Salani Editore ha dato da qualche tempo alle stampe Il patto di Mezzanotte, un libro fantasy che sembra aver riscosso parecchio successo in patria. Torneremo su questo volume al più presto con una recensione. Ma non è il libro l'oggetto di questa intervista, bensì i suoi traduttori: Silvia Castoldi e Marco Passarello uniti nella vita e nella professione. Si tratta del loro debutto nel genere. Infatti, pur praticando da anni l'ambiente del fantastico, non avevano mai tradotto un volume Fantasy.
Lascio la parola a loro due, all'intervista che riprende il ciclo delle interviste ai traduttori.
Ciao Silvia e Marco, vi ringrazio e vi dò il benvenuto su Fantasy Magazine. Vi presento ai nostri lettori. Cosa fate oltre a tradurre romanzi?
Silvia: Ciao Emanuele, grazie. Tradurre è la mia attività principale, ma svolgo anche collaborazioni editoriali di altro genere (letture di romanzi inediti, revisione di testi e traduzioni) per varie case editrici, e in particolare per la redazione di Urania.
Marco: Ciao Emanuele grazie anche da parte mia per averci interpellato. Mi sono occupato a lungo di traduzioni tecniche. Da un decennio a questa parte però la mia carriera principale è quella di giornalista. Ho fatto parte della redazione di vari periodici tecnici, e attualmente mi occupo delle edizioni italiane di ComputerBild e AudioVideoFotoBild. Ho collaborato con Rolling Stone, Weekend & Viaggi, Focus, Wired e altri.

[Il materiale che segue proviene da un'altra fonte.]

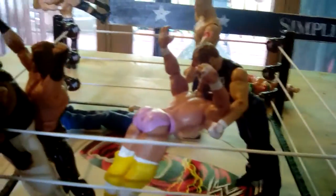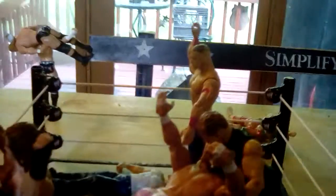This is R-Truth doing Little Jimmy, and this is Tamina just getting ready to do the Superkick — all three doing that move after doing that move. And Jimmy Uso doing the frog splash. Then the Usos doing the splash on Bray Wyatt. And I'm about to do the Dirty Deeds — Dean Ambrose — and before the Five Knuckle Shuffle.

È il primo romanzo tradotto in coppia?
Marco: No, per l’editore Alacran abbiamo tradotto insieme il romanzo Ultima Corsa, un’avventura del celebre rapinatore Parker scritta da Richard Stark (pseudonimo di Donald E. Westlake). È apparsa con la firma di entrambi anche l’antologia Gente di Israele di Ruthie Blum, ma in realtà quel lavoro era interamente di Silvia. Abbiamo inoltre tradotto insieme numerosi testi di saggistica politica.
Come organizzate il lavoro in tandem?
Silvia: Decidiamo all’inizio come suddividere la mole di pagine da tradurre sulla base delle reciproche disponibilità di tempo, e ci consultiamo sulle scelte lessicali e terminologiche. Mentre lavoriamo ci teniamo reciprocamente informati delle scelte fatte, e ci sottoponiamo a vicenda i problemi incontrati. Successivamente ognuno rilegge il lavoro dell’altro e propone delle modifiche, anche per mantenere l’omogeneità.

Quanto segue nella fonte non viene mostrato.